About two thirds through this film I began to recall The Graduate, the 1967 Dustin Hoffman classic, which was a key artistic moment for my generation. I believe that The Art of Getting By, a Fox Searchlight film which opens in limited release Friday, June 17, 2011, can be of equal significance for this generation and to the careers of young actor Freddie Highmore (Charlie and The Chocolate Factory, Finding Neverland, August Rush) and writer/director Gavin Wiesen.

Highmore plays George, a senior at an expensive, private high school in New York, in possession of enough angst and depression to make a roomful of beatniks look like a multi-level marketing pep-rally. His biggest problem with life is that it ends. What good is trying, if you’re just going to die eventually?

George lives out his dark world view by just getting by. As the story begins, he has managed to make it almost all the way through high school without actually doing any work. Even in art class, the one subject that interests him, he doodles instead of completing the assignments. Highmore plays what could have been a totally unsympathetic character with a charm and vulnerability that makes it impossible not to root for him. George’s self-pitying life takes an unexpected turn when he takes the blame for one of the school’s prettiest and most popular girls, Sally, when she is about to be caught smoking on the roof.

Sally, played by Emma Roberts (Scream 4, Valentine’s Day, Nancy Drew), whisks George into her life of hip parties. As they skip school together to go to galleries and museums, they become best friends. George begins to fall for the flirtatious Sally, but is clueless about how to let her know.

A second wild card comes into George’s hand when he meets a school alumnus on career day, Dustin, played by Michael Angarano (One Last Thing, The Forbidden Kingdom). Dustin is making it in the trendy New York art scene. He mentors George about careers and girls and serves as an inspirational, if often inebriated, role model.

George begins to envision himself as an artist with Sally as his muse, and then things start to go wrong.
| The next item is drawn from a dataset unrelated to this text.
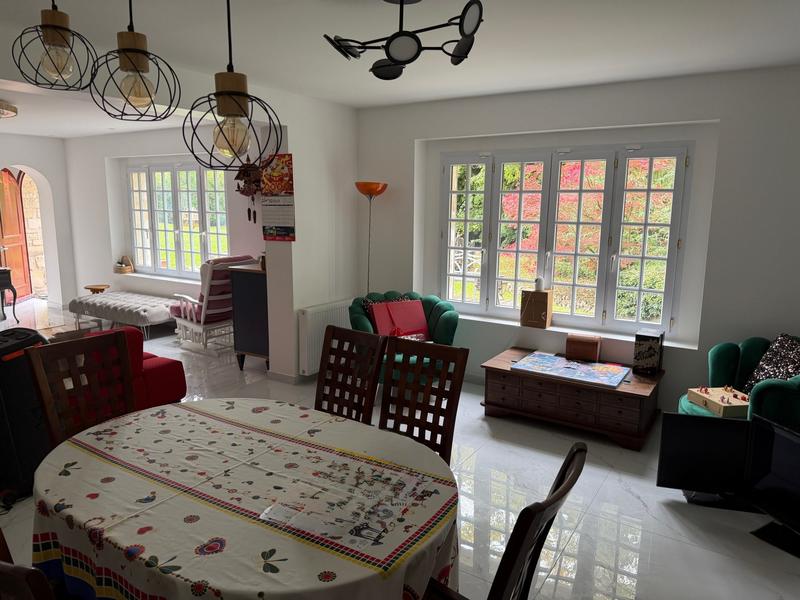 Maison ancienne - 107 m² - 10 pièces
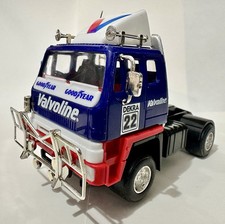scalextric truck with chrome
He discovers it’s hard to deal with this new reality, when your life has been based on just getting by.

The Art of Getting By is the first feature film for writer/director Gavin Wiesen. It is a remarkable film on many levels, including story, acting, and cinematography. Not only do the main characters – George, Sally and Dustin – feel real, but so do nearly all the supporting characters. Writers are told to give all their characters personality, but sometimes try to do this with an eye-patch or a Southern accent. In this case, however, with remarkably efficient use of dialog and action we meet a group of supporting characters who possess almost the same depth as the leads.

We meet George’s mom, Vivian, played by Rita Wilson (It’s Complicated), a New York business woman who struggles, unsuccessfully, to understand her son, while trying to protect him from the problems she is having with his step-father.

Sally’s mother, Charlotte, played by Elizabeth Reaser (the Twilight series), is a mirror image of George’s mom, having turned her teenage daughter into her best friend and being almost totally focused on her own future, rather than her daughter’s.

At George’s school, he is both championed and prodded by dedicated educators. His principal, played by Blair Underwood (Full Frontal, Rules Of Engagement, Gattaca), uses a carrot and stick approach to keep George moving. His art instructor, played by Broadway staple Jarlath Conroy (True Grit, Kinsey, Heaven’s Gate) sees George’s real talent and gives him an artistic challenge that leads to one of the climatic moments of the film. They both confront him about his lack of initiative and its consequences.

Underwood and Conroy take what could have been cliché “dedicated teacher” roles and bring to them to life in totally convincing ways. Another important character in the film was New York. Director Wiesen brought his own experiences growing up in New York City to the film, illustrating how New York’s melting-pot milieu trickles down to high school, providing good and bad distractions. The city’s energy permeates everything and capturing that was the job of Director of Photography Ben Kutchins.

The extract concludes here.